这和没有回答一样,他有些摸不着头绪。抓了抓脑袋,却意外的摸到了一个肉乎乎的——耳朵?!他还来不及反应,一股全身酥麻的感觉突然袭来,失去了所有的力气,甚至连坐姿都无法保持,瘫软如一滩烂泥。过了好久才恢复过来。
“兔子的耳朵摸不得。”那声音讥诮地道。
“我?”他不敢置信的道:“兔子?草!”
“我们兔子不吃草。”那声音一本正经的回答道,在他的脑海里沉默了片刻,又突然不可置信地道:“你怎么会说秦语?”
“我******又怎么知道?”他忍不住破口大骂道。
“两”人再次陷入沉默。过了很久,他感觉自己快要冻僵了,可是这个陌生的地方实在不知道要去哪里才好。
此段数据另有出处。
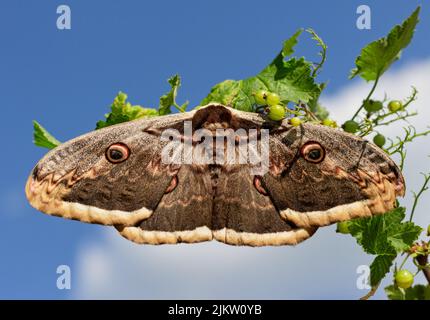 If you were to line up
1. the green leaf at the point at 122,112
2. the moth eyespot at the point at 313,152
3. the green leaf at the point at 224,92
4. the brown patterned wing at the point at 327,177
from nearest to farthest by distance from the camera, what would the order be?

脚下就是路,可是他却不敢向前哪怕一步。
那声音再次微弱的响起来:“我怕是不行了。”
“什么?”他疑惑的仰头问道。
“我也不知道是什么原因。总之,我是不行了。我要……我要死了。”那声音充满着悲哀与无奈,还有不舍等等复杂的情绪。
“死?”他不解地问道:“你到底是谁?”
“我啊……”那声音低了下来:“我是……我是这具身体原本的主人啊。我……我似乎明白了什么。”
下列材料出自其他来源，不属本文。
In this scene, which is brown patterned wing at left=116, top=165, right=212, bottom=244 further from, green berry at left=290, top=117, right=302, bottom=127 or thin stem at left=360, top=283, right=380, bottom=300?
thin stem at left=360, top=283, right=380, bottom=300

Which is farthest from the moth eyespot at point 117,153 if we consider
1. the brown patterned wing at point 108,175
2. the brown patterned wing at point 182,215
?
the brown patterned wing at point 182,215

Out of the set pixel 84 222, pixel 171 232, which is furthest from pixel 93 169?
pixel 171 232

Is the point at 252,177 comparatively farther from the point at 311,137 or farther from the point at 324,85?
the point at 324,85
“等等!”他扬起手喊道:“我还有很多事情没有弄明白呢,你怎么能就这样不负责任的离开呢?”
“慢慢你就明白了,这是宿命。”那声音似乎在远离,带着点释然,带着点解脱的情绪:“再见……不,是永别了。”
“你别走啊!”他着急道:“你走了我可怎么办?喂?喂!”
再也没有回音,一股强烈的哀伤蔓延开来。脑海里似乎缺失了一块重要的东西,那种空落落的感觉,并不疼痛,却让他无比难受。突然翻倒在地上,翻江倒海的呕吐起来。
只有黄色胆汁从嘴里滴落出来,满口苦涩。他的脑袋一阵又一阵的眩晕,眼球里充着血,看事物时也仿佛蒙上了一层赤色。他知道,再在这里呆下去,就真的要死了。
扶着木栅栏爬起来,他艰难地挪动着脚步。心脏像是有重锤在敲打,每一次撞击都让他眼冒金星。但是,他强自坚持着没有倒下。坚持着向前走去。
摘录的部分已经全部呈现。